Le critiche dell’UE ai governi africani su democrazia e diritti umani spesso raggiungono il picco durante i periodi elettorali o le crisi ma si attenuano in seguito. Ciò non crea un’impressione di incoerenza e opportunismo politico? Come intende l’UE garantire un approccio più coerente e costruttivo a sostegno delle istituzioni democratiche?

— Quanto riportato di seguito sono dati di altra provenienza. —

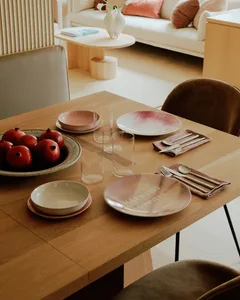A modern minimalist dining room setup with wooden furniture, bowls, glasses, pink plates, cutlery, and pomegranates.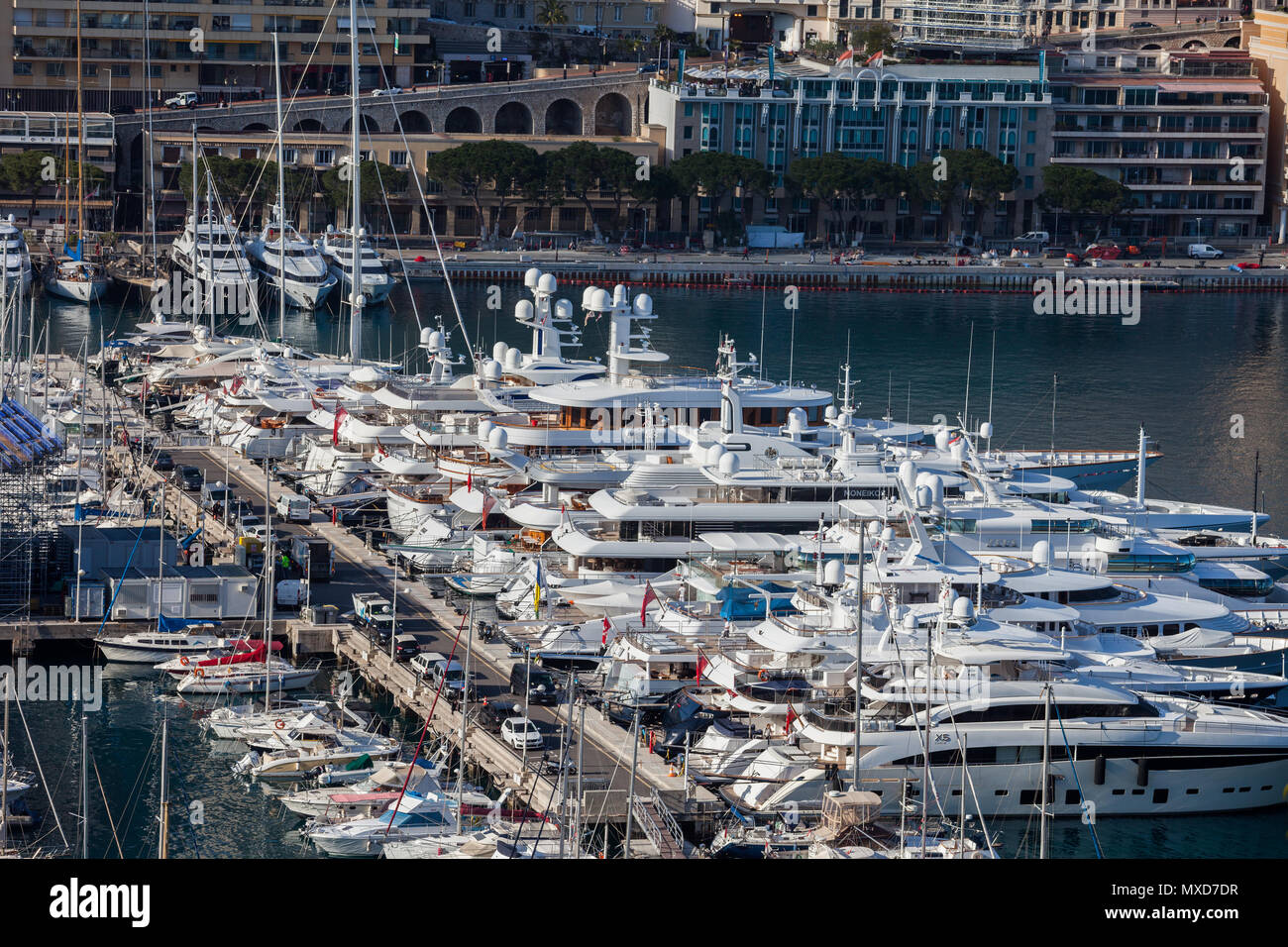 Monaco principality, luxury yachts and boats in Port Hercule on Mediterranean Sea, Monte Carlo in the background Stock Photo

La nostra credibilità è in gioco se il sostegno dell’UE alla democrazia e ai diritti umani è percepito come opportunistico o reattivo. Alcuni leader africani hanno condiviso opinioni dell’UE come ipocrita, accusandola di applicare doppi standard quando si tratta di sostenere i principi democratici e i diritti umani. Per mantenere la fiducia e l’efficacia, l’UE deve adottare un approccio basato su principi e coerente. Ciò significa investire più a fondo nella costruzione di istituzioni democratiche. Il sostegno a lungo termine per le organizzazioni della società civile, i media indipendenti e i difensori dei diritti umani è essenziale – specialmente nei periodi tra le elezioni, quando il progresso democratico è spesso più vulnerabile. L’UE deve anche essere preparata a criticare sia i suoi alleati che gli avversari ogni volta si verifichi un arretramento democratico, garantendo che i principi siano sostenuti senza pregiudizi. In quanto membro del parlamento io stesso, sono convinto che rafforzare la cooperazione da parlamento a parlamento sia un altro passo importante, creando spazi dove le norme democratiche possano essere dibattute, condivise e sostenute in modo collaborativo piuttosto che imposte dall’alto.